Business taxes in spotlight of tax reform plan
Posted June 24, 2013
Raleigh, N.C. — One of the sticking points in tax reform negotiations between the House and Senate has to do with the franchise tax charged to the state's biggest businesses.
Separate and apart from the corporate income tax, the franchise tax acts as a statewide property tax on land, buildings and other capital assets owned by companies organized as C corporations and S corporations – the legal structure used by the state's biggest businesses – but not on those organized as limited liability corporations or partnerships – which can range in size and profits from tiny dollar amounts to millions of dollars in revenue.
In their original bill, House lawmakers proposed trimming the franchise tax from $1.50 to $1.35 on each $1,000 of property owned. Senators want to do away with the franchise tax altogether and impose a new, flat-rate business privilege tax on all businesses, LLCs and C corporations alike.
As part of their ongoing negotiations over a tax reform bill, the House made a counteroffer to the Senate late last week. Documents provided by a source knowledgeable about the negotiations, show the House's latest offer would keep privilege taxes as they are, taxing $1.50 per $1,000 of property.
That's unlikely to make the state's biggest businesses happy. The North Carolina Chamber endorsed the Senate version of tax reform earlier this month, in large measure due to the fact that it eliminated the franchise tax by 2018.
But the House is concerned that the Senate plan would force budget-writers to cut the budget more deeply than is prudent. Keeping the franchise tax at its current level allows the House to agree to some Senate positions while avoiding the deepest budget cuts.
However, talking about budget and tax "cuts" is a semantically fraught proposition. The various tax proposals put forward by the House and Senate would both raise less revenue than the current system would, and many taxpayers would pay less per year under each plan.
But in the aggregate, each of the most recent revenue proposals would bring in more money to state coffers, they would just do it at a slower rate than the current tax system does. So, while the current tax code would bring in roughly $24.27 billion by fiscal year 2017-18, the House plan would raise $23.5 billion that same year, or $769.2 million less than the current plan. The Senate proposal restricts revenue growth even more, with state income growing to only $22.94 billion, or $1.33 billion less than the current system.
All three systems allow for government to grow somewhat. The policy question, of course, is whether that growth is fast enough to keep up with demands for needed government services.
Other key things to know about the House's latest counteroffer to the Senate include:
- So far, the House is sticking by its position of trimming the state's three-tiered income tax system to a flat rate of 5.9 percent. The Senate would drop personal income tax to 5.25 percent in fiscal year 2015-16.
- The House would eliminate a $50,000 personal business deduction taken by businesses not organized as C or S corporations this current tax year.
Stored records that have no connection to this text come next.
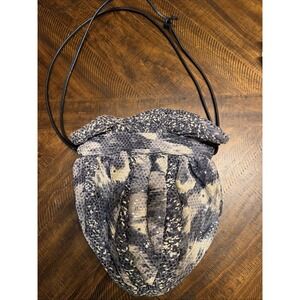 Rita Diana for Mylinka NYC Black Gray Tan Shiny Leather Shoulder Bag Drawstring
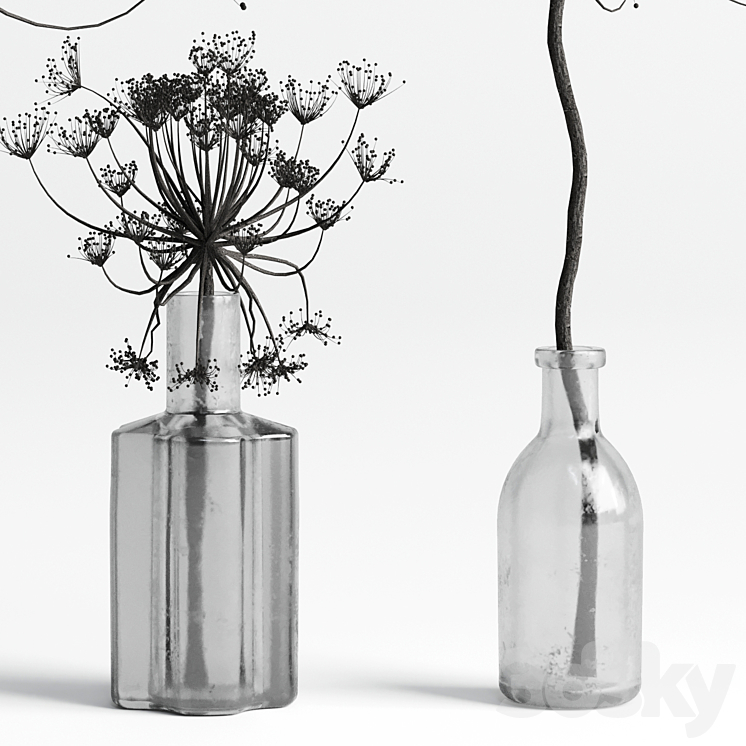 Bouquet Set 01 Vase Glass Dry Hogweed 3DS Max - thumbnail 2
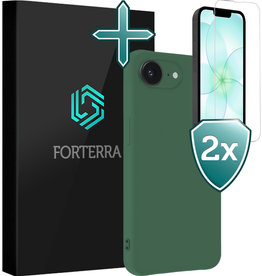Forterra Forterra iPhone 17e Hoesje Siliconen Met 2x Screenprotector Met Dichte Notch - Donkergroen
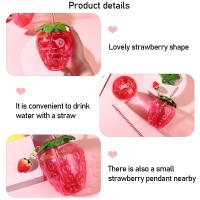 Botella De Agua Con Pajita De Plástico Multicolor Fruta De Dibujos Animados Regalo Sandía Limón Fresa Piña Deporte Y Salud - details 1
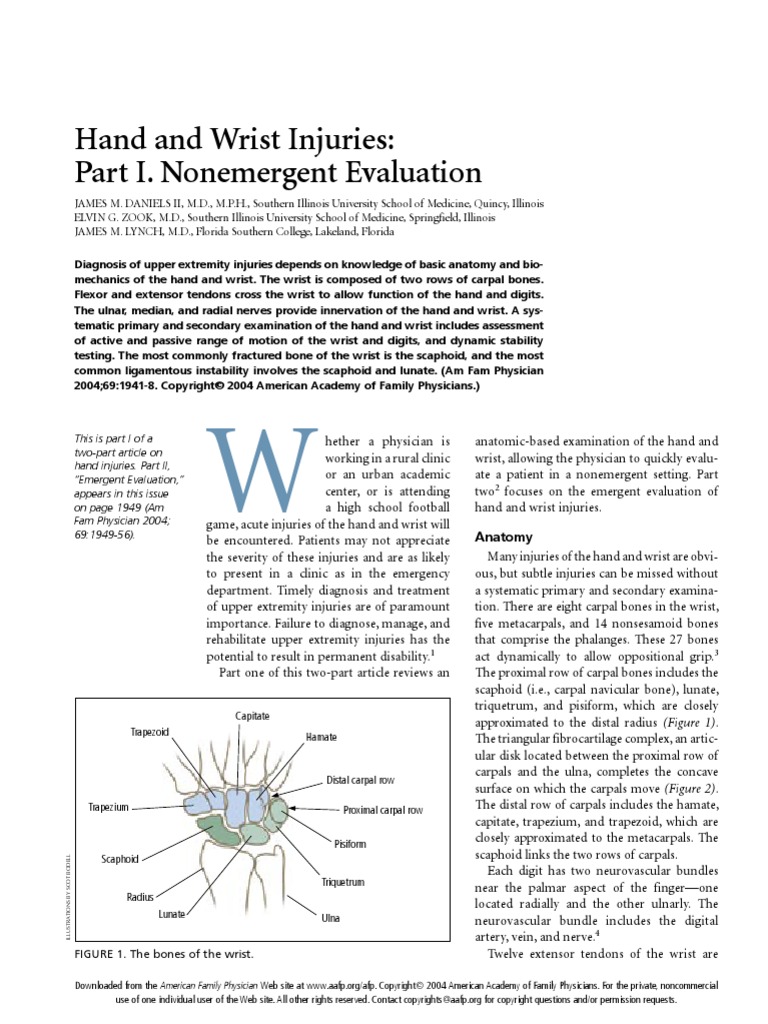 Hand and Wrist Injuries: Part I. Nonemergent Evaluation | PDF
That would mean many taxpayers would need to adjust how much they're making in quarterly payments. The Senate plan eliminates that deduction but not until the next tax year.
- The Senate proposal would eliminate the corporate income tax entirely. The House moved toward the Senate's position in its latest offer, proposing that the corporate income tax rate drop to 5 percent by 2016.
- The new House proposal would eliminate the sales tax holiday for both Energy Star appliances as well as back-to-school shopping, just as the Senate would have.
- The House has agreed to a Senate proposal that eliminates a tax break for tobacco wholesalers who file their paperwork on time.
Senate leaders are expected to make their own counteroffer later this week.